TASK INSTRUCTIONS: In full and without alteration, print the records below, minus any images.

Image-caption web data:
....

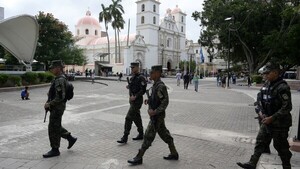 Ex presidentes de Latinoamérica y España alertan sobre posible golpe electoral en Honduras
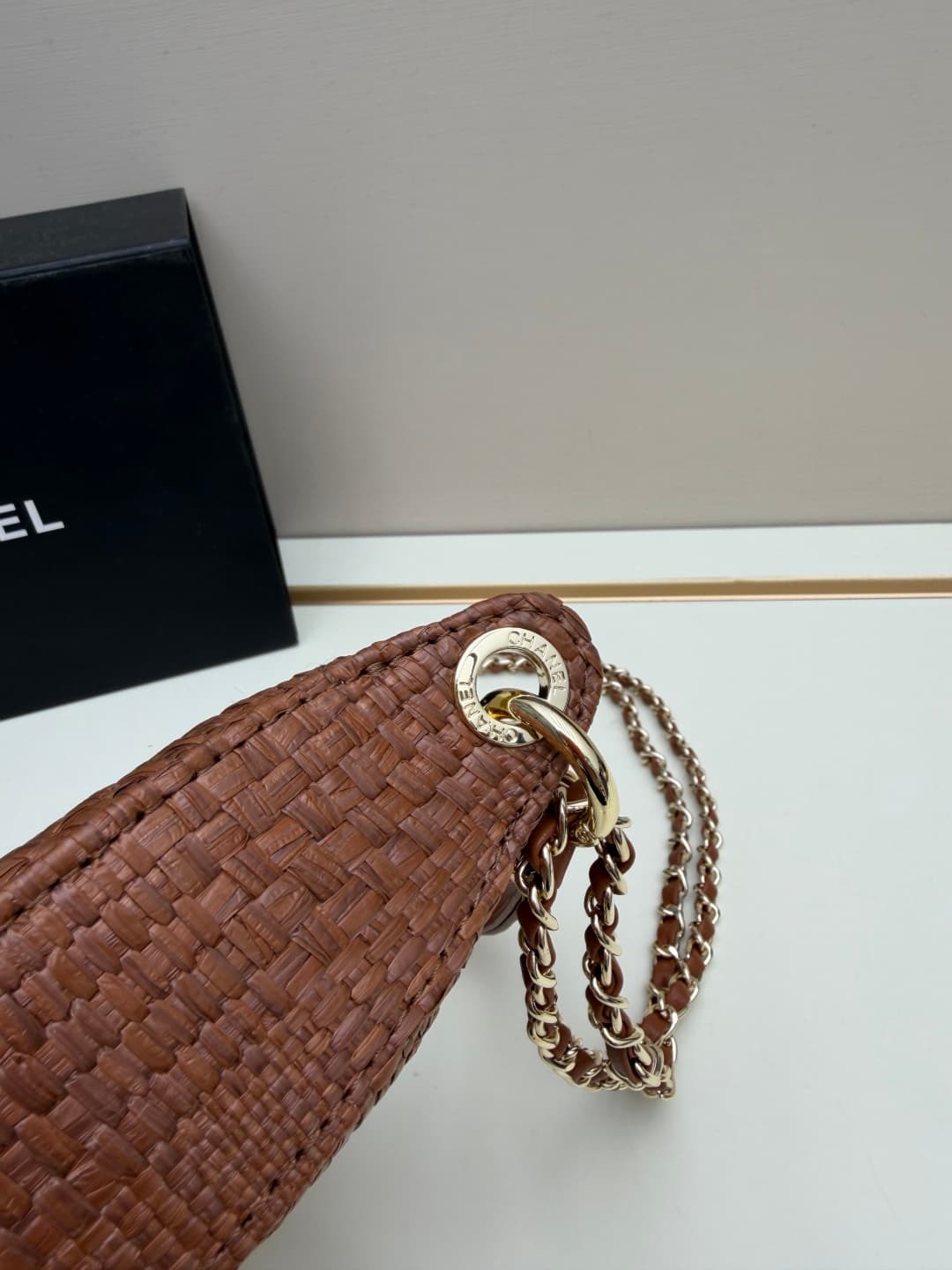 C680 Chanel 26 underarm bag, a crescent-shaped bag. It’s very lightweight and can be carried across the body! Leather from grain cattle is considered one of the most durable materials used by Chanel; it’s very resistant to wear. The phone can barely fit i — image 6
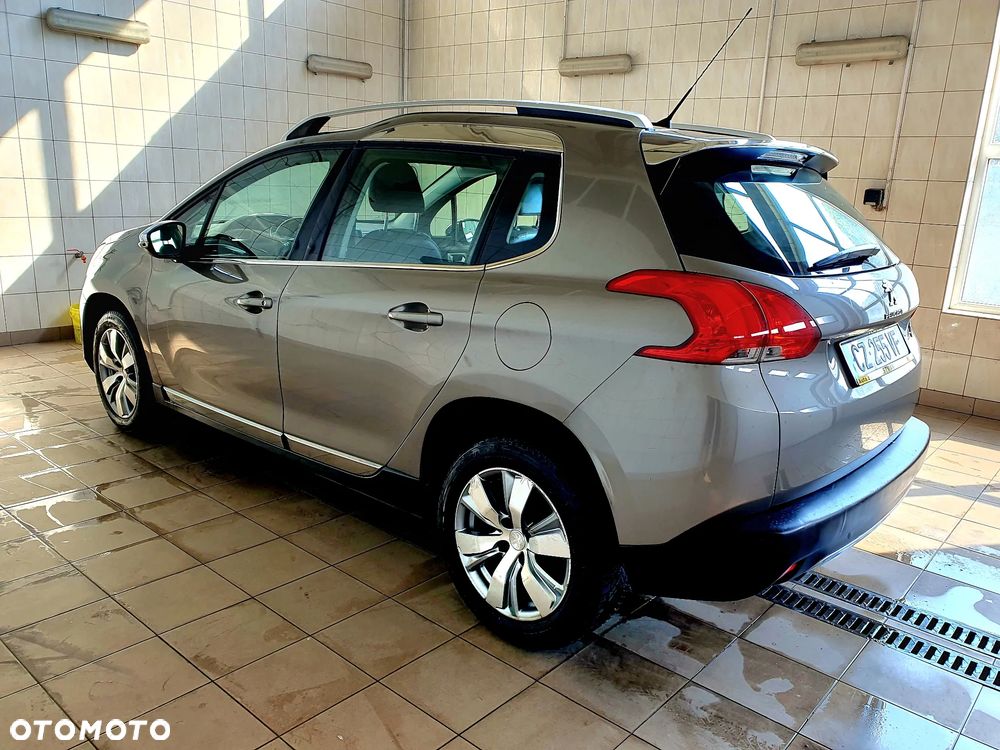 Peugeot 2008 1.6 e-HDi Allure S&S - 3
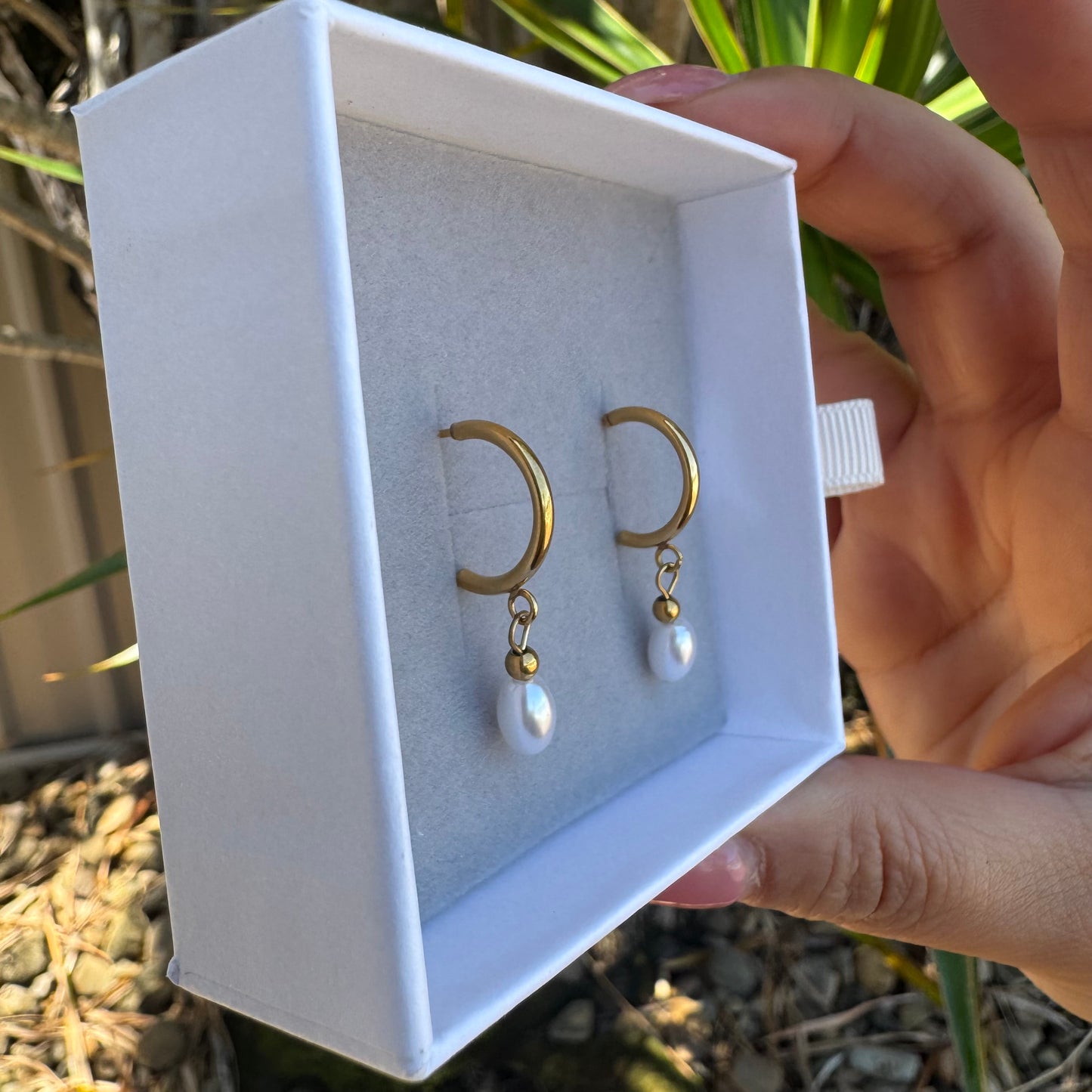 Tassel Pearl Earrings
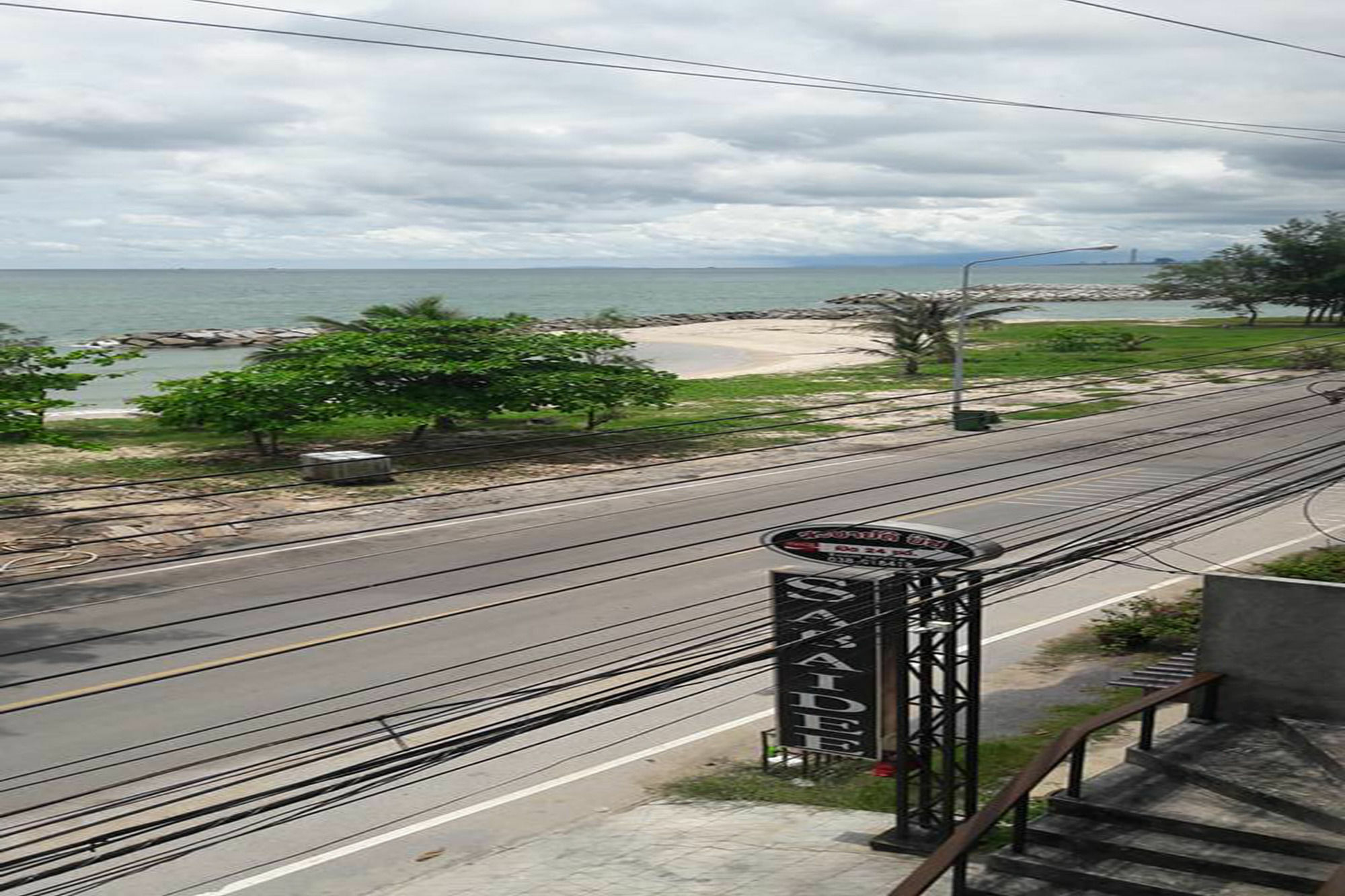 Sabaidee Beach Rayong Exteriör bild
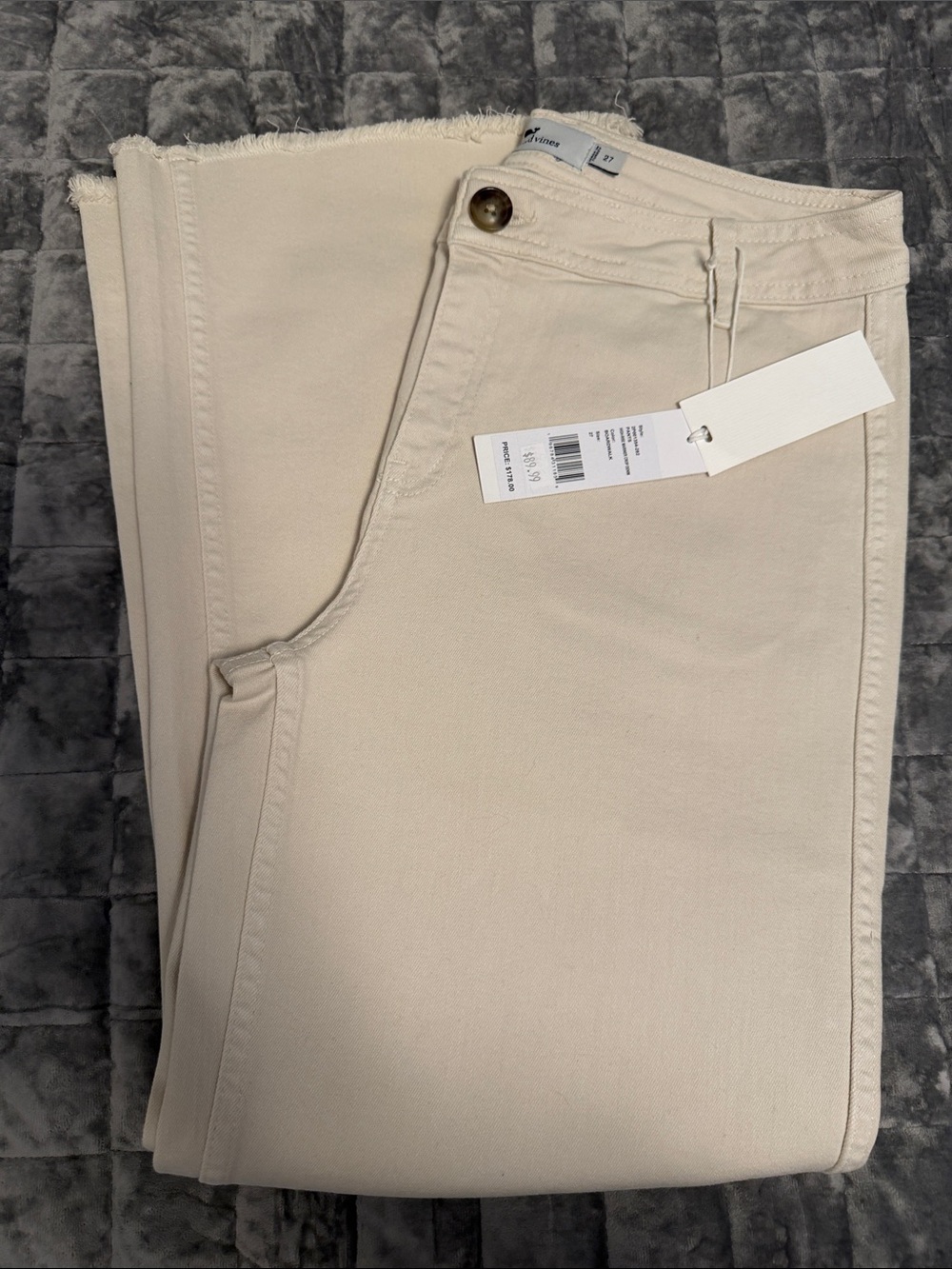 Vineyard Vines women’s capris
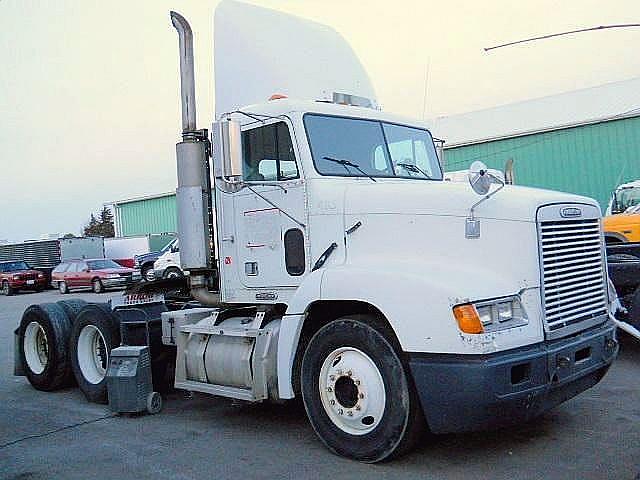 1998 FREIGHTLINER FL112 Plainfield Illinois Photo #0117298A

....

ANSWER BOX:
 Ex presidentes de Latinoamérica y España alertan sobre posible golpe electoral en Honduras
 C680 Chanel 26 underarm bag, a crescent-shaped bag. It’s very lightweight and can be carried across the body! Leather from grain cattle is considered one of the most durable materials used by Chanel; it’s very resistant to wear. The phone can barely fit i — image 6
 Peugeot 2008 1.6 e-HDi Allure S&S - 3
 Tassel Pearl Earrings
 Sabaidee Beach Rayong Exteriör bild
 Vineyard Vines women’s capris
 1998 FREIGHTLINER FL112 Plainfield Illinois Photo #0117298A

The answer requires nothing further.